An infection of the sinuses can trigger pressure behind the eyes to construct. As it does, it can develop pain in one or both eyes.


Eye pain is a typical side effect of migraine attacks.


Permeating injuries to the eye, which can occur when a person is hit with an object or is involved in an accident, can cause significant eye pain.


While unusual, swelling in the iris can trigger pain deep inside the eye.

When Is Eye Pain an Emergency?

If you start experiencing vision loss in addition to eye pain, this may be a sign of an emergency circumstance. Other signs that require immediate medical attention consist of:

  • serious eye pain
  • eye pain brought on by injury or direct exposure to a chemical or light
  • abdominal pain and vomiting that accompanies eye pain
  • pain so extreme it’s difficult to touch the eye
  • abrupt and dramatic vision changes

How Is Eye Pain Treated?

The treatment for eye pain depends upon the reason for the pain. The most common treatments consist of:

Home Care

The best method to treat many of the conditions that cause eye pain is to permit your eyes to rest. Staring at a computer screen or tv can cause eyestrain, so your doctor might require you to rest with your eyes covered for a day or more.


If you often wear contact lenses, give your corneas time to heal by wearing your glasses.

Warm Compress

Doctors might advise people with blepharitis or a sty to use warm, moist towels to their eyes. This will help to clear the clogged up oil gland or hair follicle.


If a foreign body or chemical enters into your eye, flush your eye with water or a saline solution to clean the irritant out.


Antibacterial drops and oral antibiotics may be used to treat infections of the eye that are causing pain, including conjunctivitis and corneal abrasions.


Eye drops and oral medicines can help reduce the pain associated with allergic reactions in the eyes.

Eye drops

People with glaucoma might utilize medicated eye drops to decrease the pressure building in their eyes.

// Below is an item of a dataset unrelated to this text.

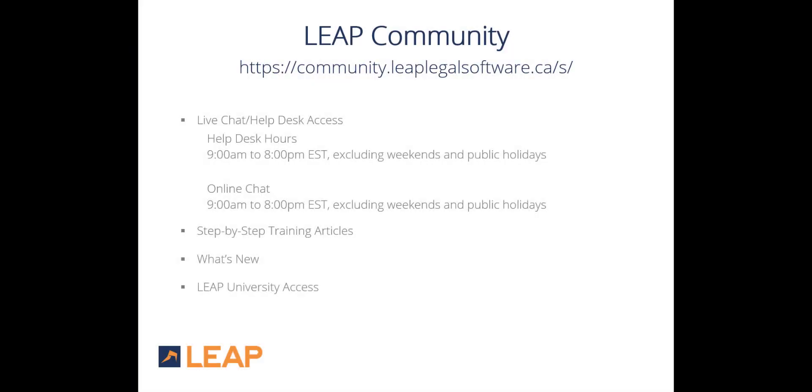Before we conclude, please remember to bookmark the Leap Community page and check back often for new articles, features, and updates. Thank you for joining, and we look forward to seeing you at our next webinar.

For more serious infections, such as optic neuritis and anterior uveitis (iritis), your doctor might offer you corticosteroids.

Pain Medications

If the pain is serious and triggers an interruption to your everyday life, your doctor might recommend a pain medicine to help alleviate the pain up until the underlying condition is treated.

Surgical Treatment

Surgical treatment is in some cases needed to repair damage done by a foreign body or burn. However, this is unusual. Individuals with glaucoma might need to have a laser treatment to improve drainage in the eye.

What Happens If Eye Pain isn’t Treated?

A lot of eye pain will fade with no or mild treatment. Eye pain and the hidden conditions that trigger it seldom cause permanent damage to the eye.

Nevertheless, that’s not always the case. Some conditions that cause eye pain may likewise trigger problems that are more severe if they aren’t treated.

For instance, the pain and signs triggered by glaucoma signify an upcoming problem. If not identified and treated, glaucoma can trigger vision issues and ultimately total blindness.

Your vision is nothing to gamble on. If you begin to experience eye pain that isn’t triggered by something like an eyelash in the eye, make an appointment to see your eye doctor as soon as possible.

How Can You Prevent Eye Pain?

Eye pain avoidance begins with eye protection. The following are ways you can avoid eye pain:

Wear Protective Eyewear

Prevent many reasons for eye pain, such as scratches and burns, by wearing goggles or safety glasses when playing sports, exercising, mowing the lawn, or working with hand tools.

Building workers, welders, and individuals who work around flying objects, chemicals, or welding gear ought to always wear protective eye gear.

Handle Chemicals With Caution

Direct chemicals and powerful agents such as household cleaners, cleaning agents, and pest control. Spray away from your body when using them.

Exercise Caution with Children’s Toys

Avoid giving your kid a toy that can hurt their eyes. Toys with spring-loaded elements, toys that shoot, and toy swords, guns, and bouncing balls can all hurt a child’s eye.

Contact Lens Hygiene

Tidy your contacts thoroughly and regularly. Wear your glasses on occasion to enable your eyes time to rest. Don’t wear contacts longer than they are intended to be worn or used.